13:50 24 January 2013
Inspectors discovered a new backlog of immigration cases a report has confirmed, as the UK Border Agency (UKBA) was found to have a backlog of 16,000 migrant cases.
It is believed that 2,000 of the cases had been filed in a box awaiting a decision to be reached for as long as up to ten years. And the inspectors found that 14,000 of the cases related to migrants who had been refused to stay in the country, but who wanted to oppose the decision.
It is thought the 14,000 cases related to individuals who wanted to seek refuge in Britain based on their marriage or civil partnership.
According to sources, this situation was growing as staff were supposedly waiting for a policy in order to deal with the cases, although management has claimed that there should have been no delay.

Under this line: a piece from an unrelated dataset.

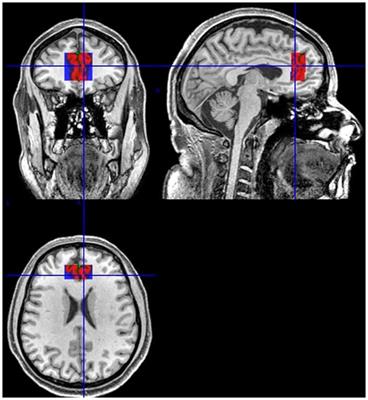 An MRI Study of the Metabolic and Structural Abnormalities in Obsessive-Compulsive Disorder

Some reports state that Chief Inspector of borders and immigration John Vine has said the decisions reached on many cases were understandable.
Although other reports state that when it came to the backlog of migrant cases concerning marriage, Mr. Vine’s view was that it was “unacceptable”.

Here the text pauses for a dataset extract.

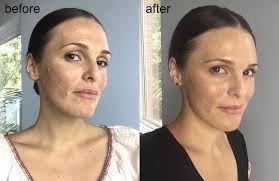 Is vitamin c serum good for wrinkles? The Secret Of Vitamin C Serum Programming Insider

He said: “It’s entirely unacceptable that cases are discovered in this way and go back for so many years.”
Mark Harper, the Immigration Minister, defended the UKBA. He said: “We inherited an agency which had a lot of problems, we've got a new management team to deal with it. They're getting a grip and dealing with it.”
Of the 14,000 cases concerning marriage, Mr. Harper explained that decisions were reached but that individuals should use the correct procedure if they wanted to oppose a decision.
When speaking to BBC Radio 4's Today Programme he said: “And what the Border Agency should have said in the past, it should have said 'no, there's an appeal process, if you don't like the decision, appeal'”.
A policy is now place to handle appeals when it comes to individuals wanting to stay in the UK.
However, Mr. Harper also said: “Those people who have been refused are not allowed to stay here should leave the country and we will be taking steps to make sure that they do."
It is understood that changes have been made with regards to many of the issues uncovered.